## RECORDS PROVIDED
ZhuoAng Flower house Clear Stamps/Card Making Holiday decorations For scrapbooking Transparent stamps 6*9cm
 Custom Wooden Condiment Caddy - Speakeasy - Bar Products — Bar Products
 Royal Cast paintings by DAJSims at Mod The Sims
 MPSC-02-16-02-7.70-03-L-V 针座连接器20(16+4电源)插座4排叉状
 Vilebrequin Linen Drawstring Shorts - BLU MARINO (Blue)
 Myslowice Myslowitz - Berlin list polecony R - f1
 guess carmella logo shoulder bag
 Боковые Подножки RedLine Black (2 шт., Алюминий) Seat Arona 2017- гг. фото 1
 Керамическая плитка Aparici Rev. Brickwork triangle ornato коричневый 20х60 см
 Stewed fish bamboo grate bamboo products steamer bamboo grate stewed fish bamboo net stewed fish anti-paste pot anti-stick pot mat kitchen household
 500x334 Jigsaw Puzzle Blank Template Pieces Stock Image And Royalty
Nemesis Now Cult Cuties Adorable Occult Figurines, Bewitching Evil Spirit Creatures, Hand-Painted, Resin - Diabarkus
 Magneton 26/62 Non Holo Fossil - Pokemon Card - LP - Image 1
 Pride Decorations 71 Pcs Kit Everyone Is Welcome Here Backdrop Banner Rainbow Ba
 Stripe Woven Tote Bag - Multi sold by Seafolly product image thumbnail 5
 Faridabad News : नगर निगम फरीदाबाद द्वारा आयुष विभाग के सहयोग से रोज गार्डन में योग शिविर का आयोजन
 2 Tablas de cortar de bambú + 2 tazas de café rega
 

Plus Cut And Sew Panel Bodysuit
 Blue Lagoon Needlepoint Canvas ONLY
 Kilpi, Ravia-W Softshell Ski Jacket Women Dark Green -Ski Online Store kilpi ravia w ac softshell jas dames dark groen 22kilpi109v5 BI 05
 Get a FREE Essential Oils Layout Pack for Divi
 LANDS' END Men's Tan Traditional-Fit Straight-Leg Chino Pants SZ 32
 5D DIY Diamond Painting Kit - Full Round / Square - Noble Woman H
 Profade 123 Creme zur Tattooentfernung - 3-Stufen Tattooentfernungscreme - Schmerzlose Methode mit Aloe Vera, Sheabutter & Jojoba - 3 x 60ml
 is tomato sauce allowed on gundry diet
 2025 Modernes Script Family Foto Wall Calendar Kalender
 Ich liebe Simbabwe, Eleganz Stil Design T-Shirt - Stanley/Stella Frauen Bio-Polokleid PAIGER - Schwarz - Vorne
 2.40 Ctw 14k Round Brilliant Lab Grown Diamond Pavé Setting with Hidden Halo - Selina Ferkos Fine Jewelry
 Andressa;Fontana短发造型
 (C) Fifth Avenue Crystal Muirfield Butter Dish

## AIM OF THE TASK
Take each line of the material that contains the word "Card" and list it.

## WRITTEN RESPONSE
ZhuoAng Flower house Clear Stamps/Card Making Holiday decorations For scrapbooking Transparent stamps 6*9cm
 Magneton 26/62 Non Holo Fossil - Pokemon Card - LP - Image 1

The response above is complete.